Hal itu disampaikan Prabowo dalam sambutannya pada Musyawarah Nasional (Munas) XVI Ikatan Pencak Silat Indonesia masa bakti 2026–2030 di Jakarta International Convention Center (JICC), Jakarta, Sabtu (11/4/2026).
“Pencak silat ya olahraga. Pencak silat olahraga, pencak silat seni bela diri, ya benar. Pencak silat, tapi lebih dari itu, pencak silat mencerminkan kepribadian bangsa Indonesia,” ucap Prabowo.
Menurutnya, kekuatan sejati dalam pencak silat, tidak hanya terletak pada kemampuan fisik, tetapi pada kedalaman ilmu yang diiringi dengan kerendahan hati.

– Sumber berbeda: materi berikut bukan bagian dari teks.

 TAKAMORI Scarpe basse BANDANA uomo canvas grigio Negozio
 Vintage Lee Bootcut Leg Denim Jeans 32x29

Dia menambahkan, nilai-nilai kesatria yang diajarkan dalam pencak silat dimulai dari keberanian, keberanian yang digunakan untuk melindungi, bukan untuk kesombongan atau penyalahgunaan kekuatan.

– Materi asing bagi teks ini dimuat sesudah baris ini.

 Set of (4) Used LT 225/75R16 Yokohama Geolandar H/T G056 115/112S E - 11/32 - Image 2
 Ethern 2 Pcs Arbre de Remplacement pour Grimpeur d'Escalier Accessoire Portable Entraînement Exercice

“Hampir semua perguruan di pencak silat dan saya kira di semua bela diri dunia yang saya ikuti dan semua guru mengajarkan ilmu ini adalah untuk membela diri, membela keluargamu, membela desamu, membela masyarakatmu, membela bangsamu,” jelasnya.
Prabowo menilai pembinaan pencak silat memiliki kontribusi langsung dalam menciptakan masyarakat yang tangguh dan stabil.
“Kalau tiap dukuh, kalau tiap desa, kalau tiap kecamatan, masyarakatnya kuat, masyarakatnya baik, masyarakatnya stabil, masyarakatnya tenang, bangsa ini kuat,” pungkasnya.